> WHAT YOU SHOULD DO
Look for the line that has "4/$30 Old Navy" in the material below; please repeat it and every line after it, exactly, up to and including the line that has "Art by Marlene", and nothing else.

> SUPPLIED DATA
+ + + + + + +

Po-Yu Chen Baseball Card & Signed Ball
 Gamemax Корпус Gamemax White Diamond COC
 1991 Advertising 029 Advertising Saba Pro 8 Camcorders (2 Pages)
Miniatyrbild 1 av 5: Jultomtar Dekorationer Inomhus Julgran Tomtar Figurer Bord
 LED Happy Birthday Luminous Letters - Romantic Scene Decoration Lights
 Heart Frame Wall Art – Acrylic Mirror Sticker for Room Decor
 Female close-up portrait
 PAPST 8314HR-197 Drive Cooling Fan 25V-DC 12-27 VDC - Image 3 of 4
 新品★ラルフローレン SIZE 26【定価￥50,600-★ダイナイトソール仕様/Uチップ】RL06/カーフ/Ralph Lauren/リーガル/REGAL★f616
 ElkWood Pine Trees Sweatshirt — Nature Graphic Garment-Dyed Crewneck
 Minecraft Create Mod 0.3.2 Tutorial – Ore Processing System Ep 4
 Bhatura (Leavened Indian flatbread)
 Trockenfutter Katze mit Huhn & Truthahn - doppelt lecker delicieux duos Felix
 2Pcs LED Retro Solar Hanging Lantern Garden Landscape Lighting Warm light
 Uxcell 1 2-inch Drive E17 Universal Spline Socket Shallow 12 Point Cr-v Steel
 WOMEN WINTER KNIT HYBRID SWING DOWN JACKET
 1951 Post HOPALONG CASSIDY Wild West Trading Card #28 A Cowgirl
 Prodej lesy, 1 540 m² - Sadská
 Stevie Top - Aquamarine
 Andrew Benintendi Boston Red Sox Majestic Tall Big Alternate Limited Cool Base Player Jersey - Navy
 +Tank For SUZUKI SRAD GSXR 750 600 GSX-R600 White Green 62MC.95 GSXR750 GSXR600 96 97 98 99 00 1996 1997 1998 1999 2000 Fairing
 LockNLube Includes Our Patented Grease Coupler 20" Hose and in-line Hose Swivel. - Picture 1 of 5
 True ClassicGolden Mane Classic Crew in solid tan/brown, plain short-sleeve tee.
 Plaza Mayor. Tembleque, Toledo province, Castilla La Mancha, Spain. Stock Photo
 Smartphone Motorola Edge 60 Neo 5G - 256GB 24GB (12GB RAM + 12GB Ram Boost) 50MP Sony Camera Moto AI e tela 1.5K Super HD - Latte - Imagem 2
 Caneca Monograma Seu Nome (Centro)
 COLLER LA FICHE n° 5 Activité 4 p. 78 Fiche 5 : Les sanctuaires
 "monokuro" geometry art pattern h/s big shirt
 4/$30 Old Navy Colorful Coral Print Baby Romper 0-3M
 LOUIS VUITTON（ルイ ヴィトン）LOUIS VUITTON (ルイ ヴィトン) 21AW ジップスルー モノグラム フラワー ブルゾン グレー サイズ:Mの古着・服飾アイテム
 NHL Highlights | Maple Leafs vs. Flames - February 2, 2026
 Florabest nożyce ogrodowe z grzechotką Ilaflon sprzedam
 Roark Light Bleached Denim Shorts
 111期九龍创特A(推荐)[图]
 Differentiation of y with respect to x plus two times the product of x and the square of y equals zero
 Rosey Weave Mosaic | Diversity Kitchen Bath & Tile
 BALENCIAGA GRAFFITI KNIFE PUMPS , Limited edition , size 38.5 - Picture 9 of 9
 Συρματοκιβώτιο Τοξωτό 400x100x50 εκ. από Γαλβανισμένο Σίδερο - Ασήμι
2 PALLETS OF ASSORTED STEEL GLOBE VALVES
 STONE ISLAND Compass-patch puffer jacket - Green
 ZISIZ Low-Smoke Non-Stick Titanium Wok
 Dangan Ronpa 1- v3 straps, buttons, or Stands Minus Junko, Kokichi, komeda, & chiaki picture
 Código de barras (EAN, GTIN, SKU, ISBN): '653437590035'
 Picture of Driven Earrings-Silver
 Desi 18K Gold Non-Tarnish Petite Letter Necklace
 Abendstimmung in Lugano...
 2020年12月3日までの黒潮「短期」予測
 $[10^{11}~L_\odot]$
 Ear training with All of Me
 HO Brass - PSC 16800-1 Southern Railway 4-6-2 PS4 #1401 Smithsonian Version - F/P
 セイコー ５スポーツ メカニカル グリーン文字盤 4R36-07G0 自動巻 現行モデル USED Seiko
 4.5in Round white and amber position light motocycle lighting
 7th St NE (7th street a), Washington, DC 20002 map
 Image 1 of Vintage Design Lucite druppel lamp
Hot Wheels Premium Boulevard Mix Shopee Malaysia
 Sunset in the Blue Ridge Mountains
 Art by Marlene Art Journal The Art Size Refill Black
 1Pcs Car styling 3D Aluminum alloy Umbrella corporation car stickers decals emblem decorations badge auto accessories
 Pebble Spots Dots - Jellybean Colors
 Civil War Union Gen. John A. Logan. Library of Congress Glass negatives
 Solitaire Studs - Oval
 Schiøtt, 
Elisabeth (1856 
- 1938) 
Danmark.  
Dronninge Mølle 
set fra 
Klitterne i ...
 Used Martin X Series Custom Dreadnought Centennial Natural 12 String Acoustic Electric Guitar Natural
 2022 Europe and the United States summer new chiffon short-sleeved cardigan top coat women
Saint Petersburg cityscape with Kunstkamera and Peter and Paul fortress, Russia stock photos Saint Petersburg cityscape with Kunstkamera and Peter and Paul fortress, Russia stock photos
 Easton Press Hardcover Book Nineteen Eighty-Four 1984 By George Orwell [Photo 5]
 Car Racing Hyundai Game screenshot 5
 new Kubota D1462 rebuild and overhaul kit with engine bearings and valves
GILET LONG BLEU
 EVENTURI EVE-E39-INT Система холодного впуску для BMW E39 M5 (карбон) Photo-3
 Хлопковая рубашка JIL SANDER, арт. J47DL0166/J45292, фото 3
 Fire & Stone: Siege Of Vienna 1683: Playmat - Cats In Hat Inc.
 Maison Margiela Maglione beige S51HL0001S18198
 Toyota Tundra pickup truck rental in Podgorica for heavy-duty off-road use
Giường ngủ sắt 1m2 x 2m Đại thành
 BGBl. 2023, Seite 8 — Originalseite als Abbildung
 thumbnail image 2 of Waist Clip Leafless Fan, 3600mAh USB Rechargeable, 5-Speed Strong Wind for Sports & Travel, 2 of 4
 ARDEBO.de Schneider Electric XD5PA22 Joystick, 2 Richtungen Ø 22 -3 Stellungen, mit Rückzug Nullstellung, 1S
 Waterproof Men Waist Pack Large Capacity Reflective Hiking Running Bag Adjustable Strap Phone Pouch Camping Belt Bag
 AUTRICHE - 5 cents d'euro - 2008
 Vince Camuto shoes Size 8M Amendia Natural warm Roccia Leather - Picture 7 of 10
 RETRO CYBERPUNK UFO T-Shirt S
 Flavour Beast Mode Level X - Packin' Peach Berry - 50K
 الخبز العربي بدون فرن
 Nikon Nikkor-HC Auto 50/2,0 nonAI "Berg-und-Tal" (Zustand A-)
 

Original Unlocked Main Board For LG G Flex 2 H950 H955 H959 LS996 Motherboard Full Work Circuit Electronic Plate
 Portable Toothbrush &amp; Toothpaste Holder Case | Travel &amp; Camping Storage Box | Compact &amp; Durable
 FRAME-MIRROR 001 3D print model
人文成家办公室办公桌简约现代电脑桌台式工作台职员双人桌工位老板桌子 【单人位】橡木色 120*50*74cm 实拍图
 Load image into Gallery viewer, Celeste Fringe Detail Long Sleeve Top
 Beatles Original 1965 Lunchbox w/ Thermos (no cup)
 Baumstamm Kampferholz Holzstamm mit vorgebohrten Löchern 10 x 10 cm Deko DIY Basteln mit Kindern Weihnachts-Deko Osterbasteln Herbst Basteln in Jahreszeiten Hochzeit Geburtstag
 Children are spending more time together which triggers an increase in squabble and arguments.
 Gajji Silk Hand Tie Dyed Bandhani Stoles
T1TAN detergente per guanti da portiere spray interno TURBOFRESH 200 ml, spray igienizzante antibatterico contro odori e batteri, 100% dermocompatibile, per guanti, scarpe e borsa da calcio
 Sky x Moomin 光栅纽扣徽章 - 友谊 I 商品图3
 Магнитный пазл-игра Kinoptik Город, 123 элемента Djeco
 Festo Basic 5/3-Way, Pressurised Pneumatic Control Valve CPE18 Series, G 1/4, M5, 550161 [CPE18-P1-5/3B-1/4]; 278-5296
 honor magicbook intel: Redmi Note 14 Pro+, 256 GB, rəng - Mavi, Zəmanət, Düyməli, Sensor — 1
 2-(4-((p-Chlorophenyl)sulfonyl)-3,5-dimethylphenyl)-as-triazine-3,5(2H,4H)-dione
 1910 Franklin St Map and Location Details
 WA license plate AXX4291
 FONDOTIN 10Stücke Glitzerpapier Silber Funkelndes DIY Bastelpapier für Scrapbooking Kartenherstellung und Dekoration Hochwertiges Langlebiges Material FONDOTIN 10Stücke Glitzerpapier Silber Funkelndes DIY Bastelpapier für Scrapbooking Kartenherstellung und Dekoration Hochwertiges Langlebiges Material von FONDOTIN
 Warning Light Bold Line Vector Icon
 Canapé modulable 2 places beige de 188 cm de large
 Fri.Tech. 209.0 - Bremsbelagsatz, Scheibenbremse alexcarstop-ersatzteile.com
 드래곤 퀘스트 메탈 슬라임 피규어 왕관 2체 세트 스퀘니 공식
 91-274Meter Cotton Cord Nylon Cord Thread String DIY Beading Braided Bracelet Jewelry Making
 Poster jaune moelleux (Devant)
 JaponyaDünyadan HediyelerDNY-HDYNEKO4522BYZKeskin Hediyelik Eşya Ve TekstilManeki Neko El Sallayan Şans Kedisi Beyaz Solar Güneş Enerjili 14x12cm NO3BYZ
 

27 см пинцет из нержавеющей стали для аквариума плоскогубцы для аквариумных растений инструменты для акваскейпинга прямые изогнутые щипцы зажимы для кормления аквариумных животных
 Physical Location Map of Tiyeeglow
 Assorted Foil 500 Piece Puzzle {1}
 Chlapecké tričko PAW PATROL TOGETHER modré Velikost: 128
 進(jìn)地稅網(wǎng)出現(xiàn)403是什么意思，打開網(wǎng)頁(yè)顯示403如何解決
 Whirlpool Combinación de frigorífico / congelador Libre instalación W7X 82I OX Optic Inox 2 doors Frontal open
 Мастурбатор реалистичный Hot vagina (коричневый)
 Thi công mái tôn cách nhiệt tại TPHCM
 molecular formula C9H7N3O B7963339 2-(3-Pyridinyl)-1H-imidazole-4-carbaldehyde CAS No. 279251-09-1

+ + + + + + +

> WRITTEN REPLY
 4/$30 Old Navy Colorful Coral Print Baby Romper 0-3M
 LOUIS VUITTON（ルイ ヴィトン）LOUIS VUITTON (ルイ ヴィトン) 21AW ジップスルー モノグラム フラワー ブルゾン グレー サイズ:Mの古着・服飾アイテム
 NHL Highlights | Maple Leafs vs. Flames - February 2, 2026
 Florabest nożyce ogrodowe z grzechotką Ilaflon sprzedam
 Roark Light Bleached Denim Shorts
 111期九龍创特A(推荐)[图]
 Differentiation of y with respect to x plus two times the product of x and the square of y equals zero
 Rosey Weave Mosaic | Diversity Kitchen Bath & Tile
 BALENCIAGA GRAFFITI KNIFE PUMPS , Limited edition , size 38.5 - Picture 9 of 9
 Συρματοκιβώτιο Τοξωτό 400x100x50 εκ. από Γαλβανισμένο Σίδερο - Ασήμι
2 PALLETS OF ASSORTED STEEL GLOBE VALVES
 STONE ISLAND Compass-patch puffer jacket - Green
 ZISIZ Low-Smoke Non-Stick Titanium Wok
 Dangan Ronpa 1- v3 straps, buttons, or Stands Minus Junko, Kokichi, komeda, & chiaki picture
 Código de barras (EAN, GTIN, SKU, ISBN): '653437590035'
 Picture of Driven Earrings-Silver
 Desi 18K Gold Non-Tarnish Petite Letter Necklace
 Abendstimmung in Lugano...
 2020年12月3日までの黒潮「短期」予測
 $[10^{11}~L_\odot]$
 Ear training with All of Me
 HO Brass - PSC 16800-1 Southern Railway 4-6-2 PS4 #1401 Smithsonian Version - F/P
 セイコー ５スポーツ メカニカル グリーン文字盤 4R36-07G0 自動巻 現行モデル USED Seiko
 4.5in Round white and amber position light motocycle lighting
 7th St NE (7th street a), Washington, DC 20002 map
 Image 1 of Vintage Design Lucite druppel lamp
Hot Wheels Premium Boulevard Mix Shopee Malaysia
 Sunset in the Blue Ridge Mountains
 Art by Marlene Art Journal The Art Size Refill Black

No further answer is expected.